Avanzando hacia lo más próximo, el vino ha tenido una presencia significativa en España, donde se cultiva, probablemente desde el siglo X adc y donde rápidamente se consolidó como un componente más de la alimentación, la cultura y las ganas de fiesta de nuestros antepasados. Lo cuentan Estrabón, Séneca, Plinio y otros eminentes romanos. Sin desdeñar luego a San Isidoro, o a los poetas de Al Andalus, que cantaron las excelencia de nuestros caldos, en clara contradicción con sus prácticas religiosas.
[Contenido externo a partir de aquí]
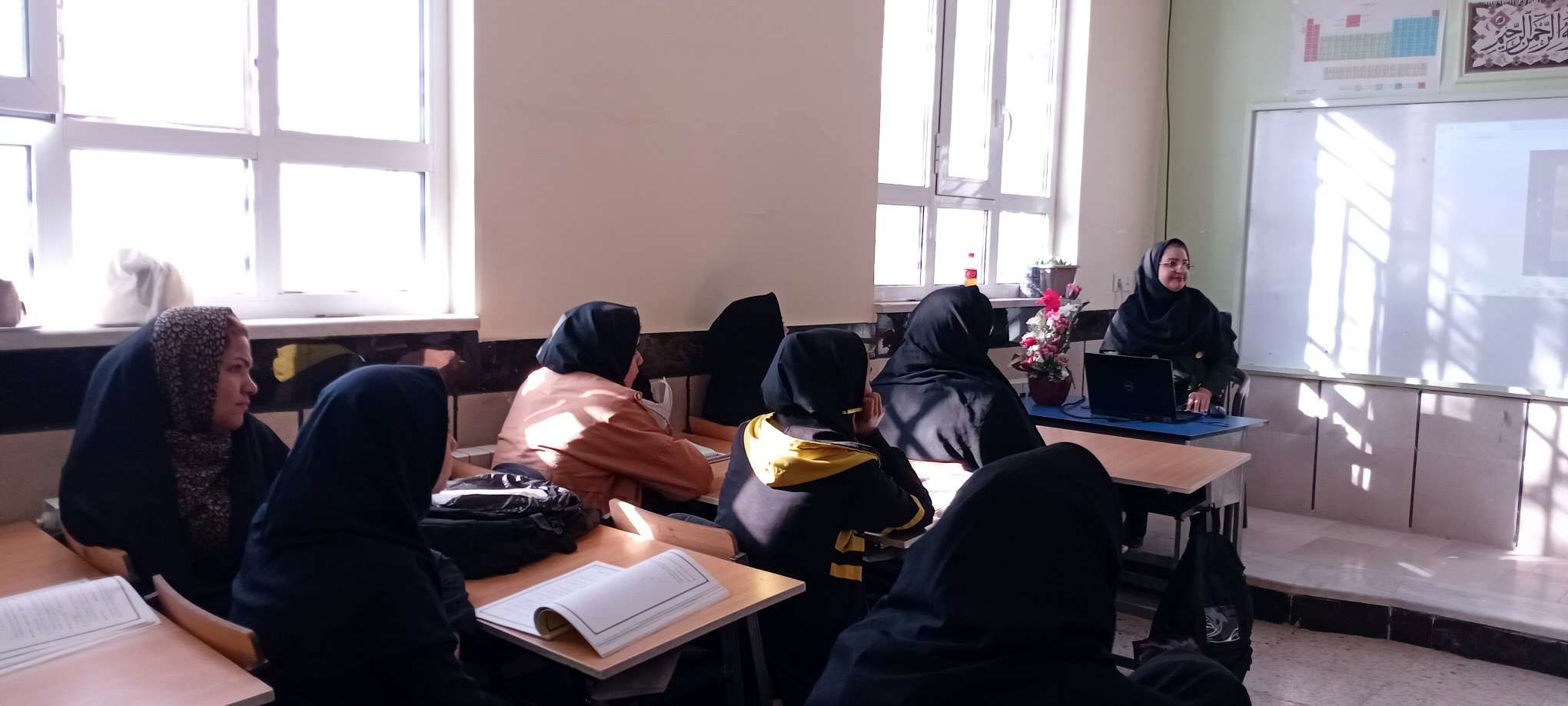 دومین جلسه هدایت تحصیلی پایه نهم در دبیرستان مادرمهربان خلیل آباد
El viñedo constituyó también un factor de primer orden en el proceso histórico que hemos conocido siempre como la Reconquista. El avance de las fronteras de los reinos cristianos llevó a la ocupación de vastas zonas muy poco pobladas, en las que se reasentaron pobladores de tradición cristiana. Particular importancia tuvieron en este proceso las comunidades monásticas, que trajeron variedades de uva, métodos y prácticas enológicas eficientes y modernas. Su influencia contribuyó a crear una agricultura más dinámica y orientada al comercio, que fue fundamental para el desarrollo de muchas de nuestras comarcas.

Pero al final lo importante está en nuestro terruño. Porque nuestros vinos tienen una procedencia concreta que tampoco es casual. Proceden de un ámbito determinado, de pequeños pueblos, cuyos suelos, cuyo clima y cuya luz han aportado el milagro natural que permite la génesis de este producto. Pero también resultó imprescindible el elemento humano, la capacidad de imaginar, de crear y de disfrutar de las obras bien hechas. La conjunción de las dos cosas ha conducido a que nuestro país conserve desde hace casi mil años un puesto privilegiado entre los mejores vinos del mundo. Los productores actuales se inscriben en esa tradición, ya sea por herencia familiar o por haber elegido correctamente a los amigos. Una tradición incrustada en la energía telúrica que viene de la tierra y que iluminada por nuestro relumbrante sol estimuló a nuestros antepasados a conservar este pequeño pero intenso valor, mejorándolo siempre y utilizándolo como vinculo para permanecer unidos. Beberlo es siempre un experimento valioso para disfrutar de la compañía, aprender a ser mejores y gozar de la vida. No podemos consentir que esta tradición se pierda.